Kondisi tersebut yang menghasilkan adanya penyeragaman opini/pandangan yang bersifat monolog sehingga membuat mimbar akademik dalam ruang publik kini cenderung tidak lagi dialogis. Alhasil, akademisi yang idealis dengan keberimbangan perspektif justru makin tidak disukai dalam ruang publik ini.
Kuatnya pengaruh penyeragaman opini/pendapat tentu menjadi sinyalemen mendasar mengenai kebebasan akademik yang kini terancam independensinya. Terlebih lagi, apabila suara/pendapat dari akademisi tersebut yang ”melawan arus”, misalnya saja mengkritisi kebijakan pemerintah maupun mengomentari tingkah laku para elite politik dan pendukunganya, akan langsung menjadi target sasaran doxing oleh pihak tertentu.
Adanya perilaku doxing atau penyebaran informasi pribadi secara publik (termasuk data pribadi) terhadap seseorang individu atau organisasi ini sudah masuk dalam kategori pelanggaran terhadap privasi karena berupaya melakukan balas dendam dengan mempermalukan target di dunia maya maupun dunia nyata. Serangan siber tersebut yang pada umumnya menarget akademisi maupun aktivis kritis tersebut telah berdampak pada pembungkaman akademik lewat teror maupun intimidasi.
Selain doxing, ancaman lain terhadap kebebasan berakademik adalah zoom bombing yang diarahkan pada webinar-webinar diskusi yang isunya kritis. Praktik zoom bombing ini tentu menciptakan disrupsi baru dalam kebebasan berakademik yang kini hampir mayoritas menggunakan sarana daring. Adanya serangan yang menampilkan tampilan visual yang tidak pantas dalam webinar tentu adalah pelecehan terhadap mimbar akademik yang menjunjung tinggi etika dan moralitas.

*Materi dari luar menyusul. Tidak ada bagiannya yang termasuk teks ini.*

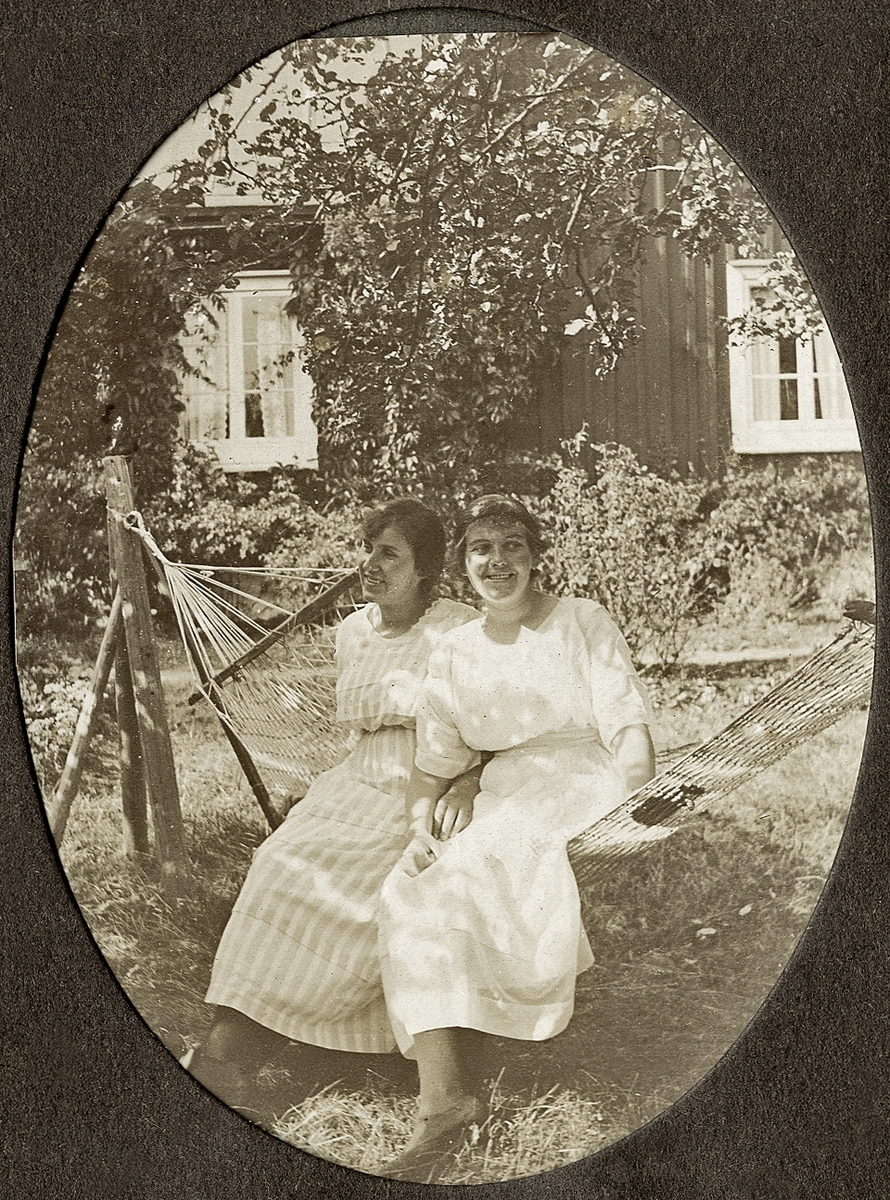 Två kvinnor sitter i en hängmatta i en lummig trädgård. I bakgrunden syns ett bostadshus.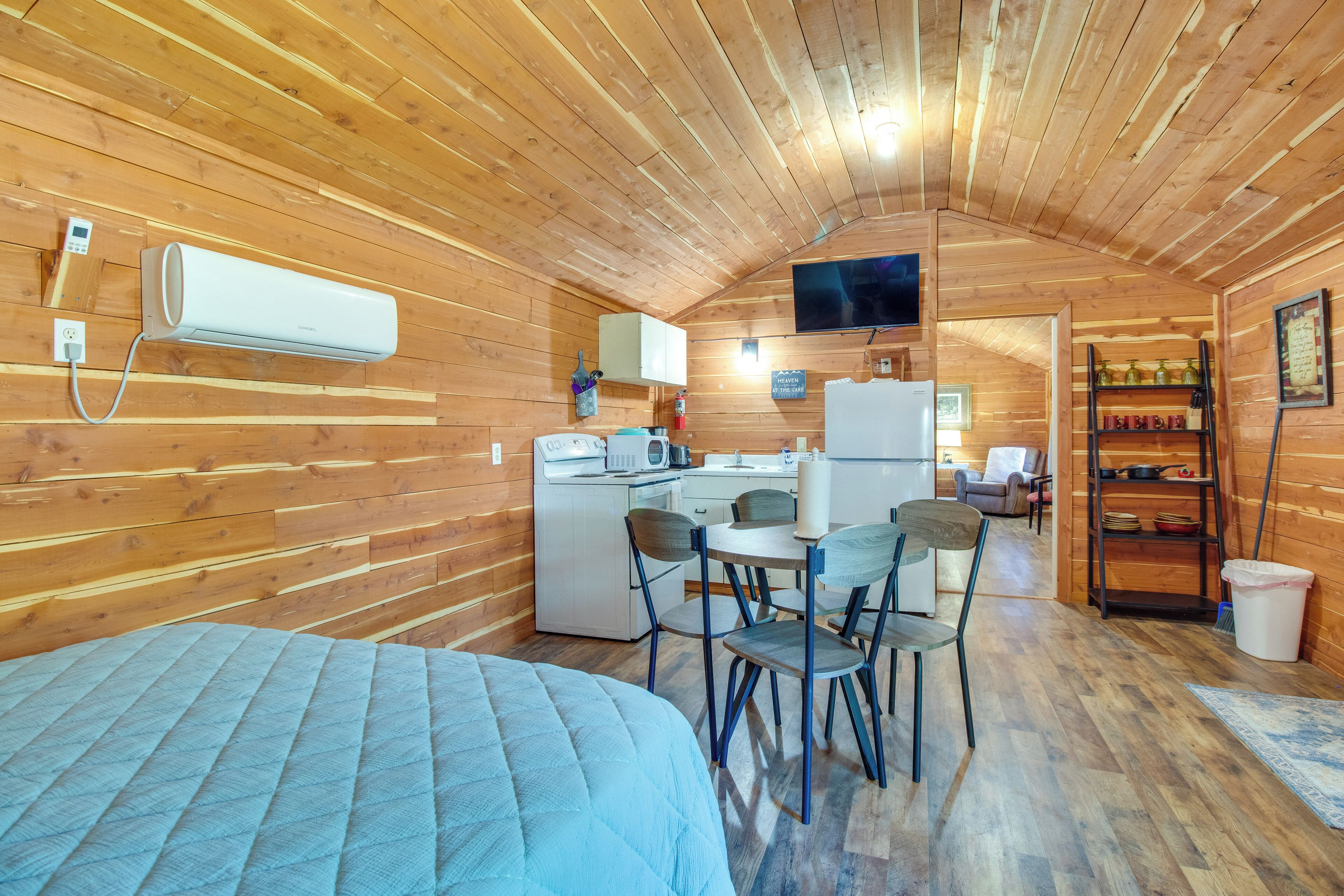 Een gezellig chalet met kitchenette, eethoek en bed.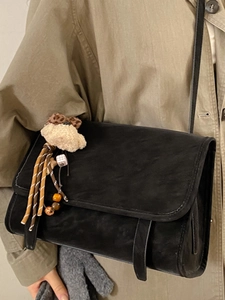 Retro black crossbody bag with suede texture and cute teddy bear charm accessory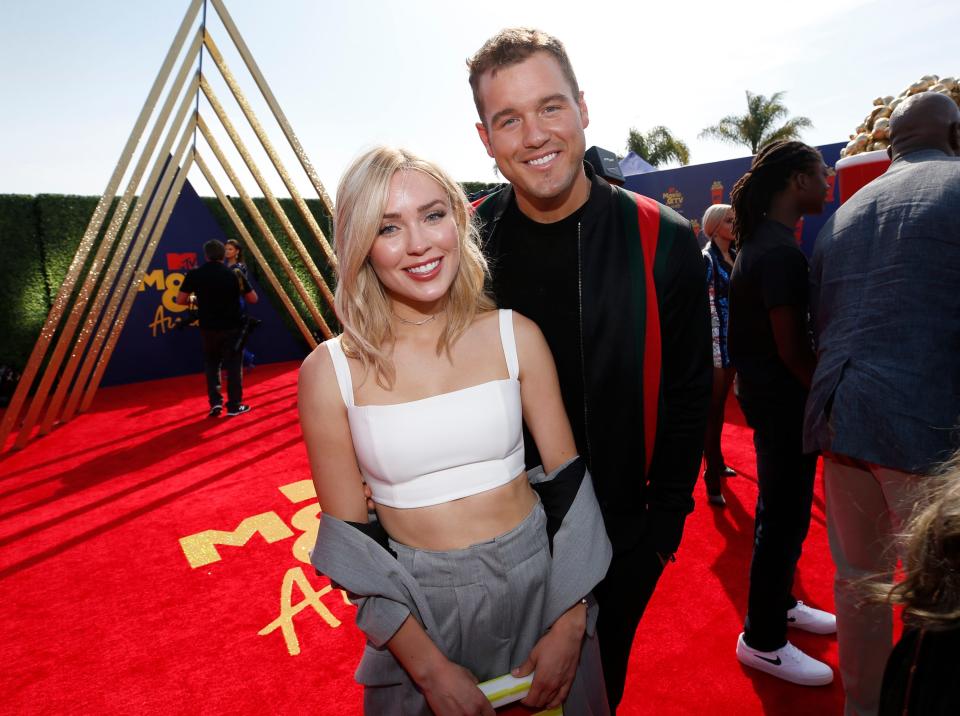 Cassie Randolph, left, and Colton Underwood arrive at the MTV Movie and TV Awards on Saturday, June 15, 2019, at the Barker Hangar in Santa Monica, Calif. (Photo by Danny Moloshok/Invision/AP)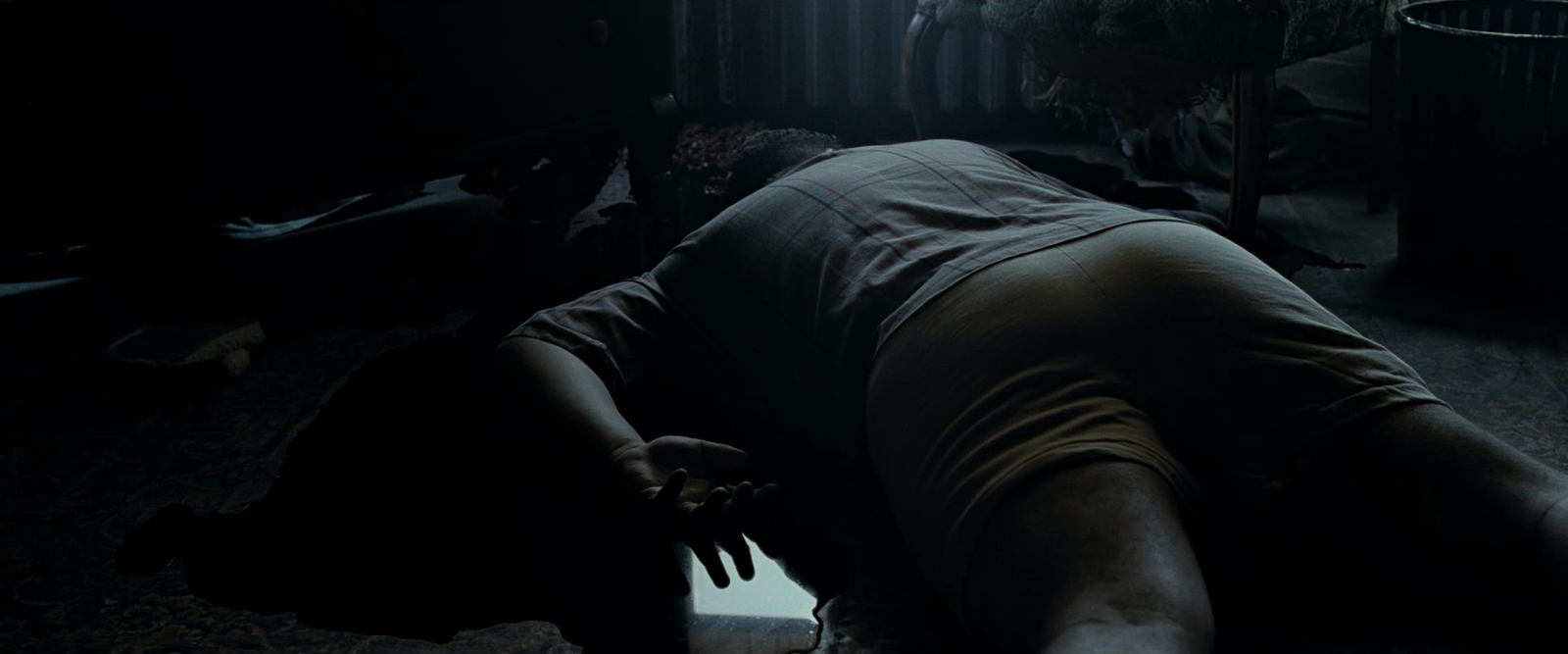 a person laying on the floor in a dark room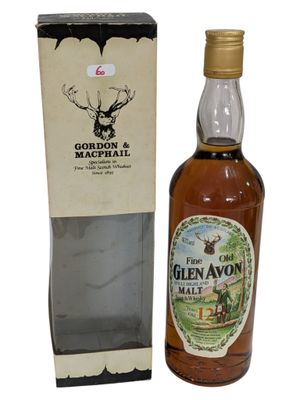 une vieille bouteille de whisky de malt Glen Avon posée devant une boîte en carton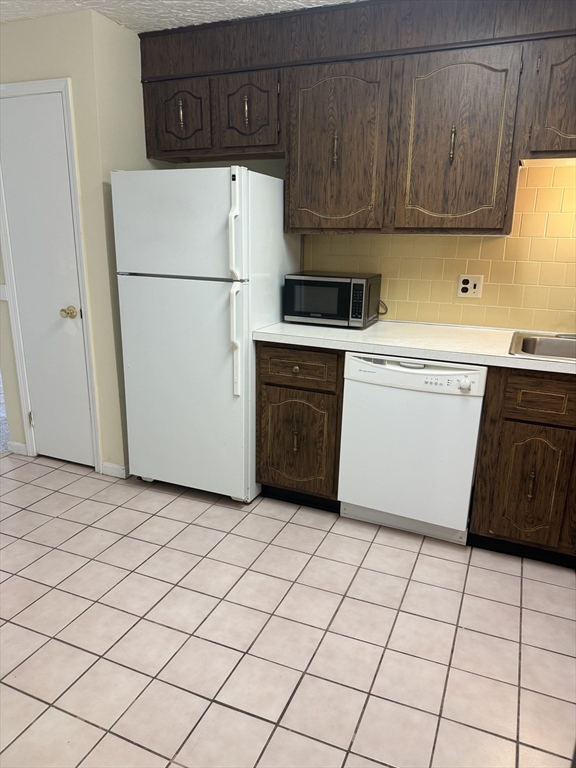 310 Codman Hill Road, Unit 34D Boxborough, MA 01719 - Photo 16 of 17 a kitchen with a refrigerator sink stove and cabinets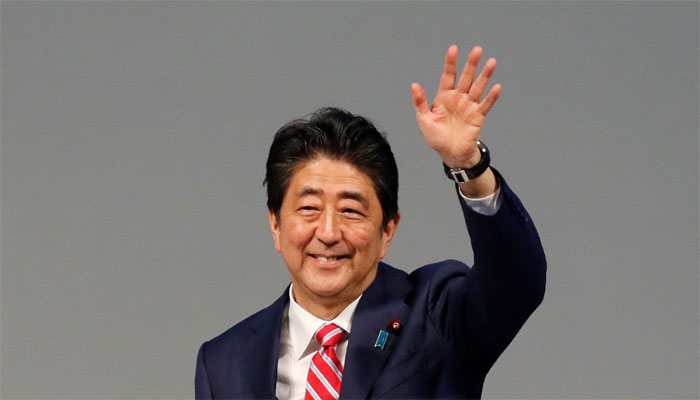 Japanese Prime Minister Shinzo Abe says arranging visit to China next month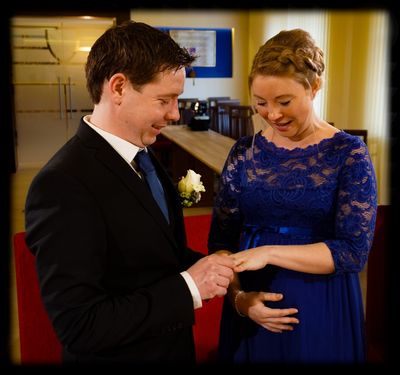 Ein Mann und eine Frau, beide lächelnd, stehen eng beieinander. Der Mann hält die Hand der Frau, die ein blaues Kleid mit einem Blumenbrosche trägt.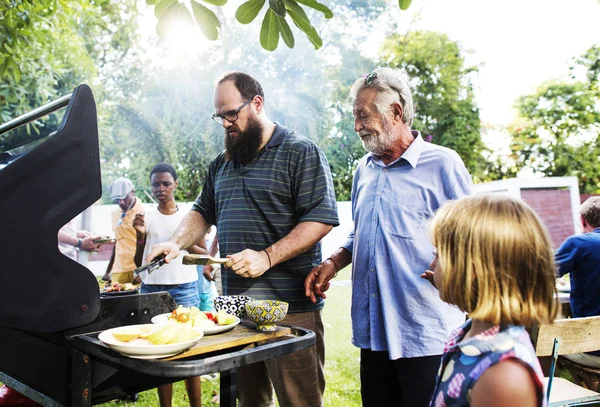 Diverse people enjoying barbecue party together, original photoset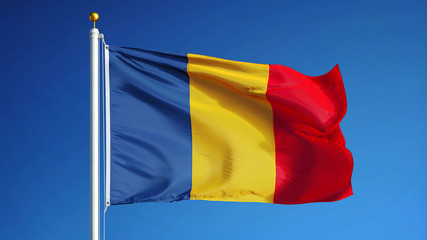 Chad flag waving against clean blue sky, close up, isolated with clipping path mask alpha channel...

Selain sebagai pelecehan, zoom bombing merupakan bentuk penghinaan terhadap mimbar akademik karena pelaku sudah ditarget dan dipermalukan oleh oknum tertentu selama webinar. Oleh karena itulah, zoom bombing adalah upaya pembungkaman daring bagi para akademisi untuk tidak lagi melanjutkan pemaparannya sehingga tidak bersuara lebih kritis lagi kepada pihak pemangku kepentingan.
Zoom bombing adalah upaya pembungkaman daring bagi para akademisi untuk tidak lagi melanjutkan pemaparannya sehingga tidak bersuara lebih kritis lagi kepada pihak pemangku kepentingan.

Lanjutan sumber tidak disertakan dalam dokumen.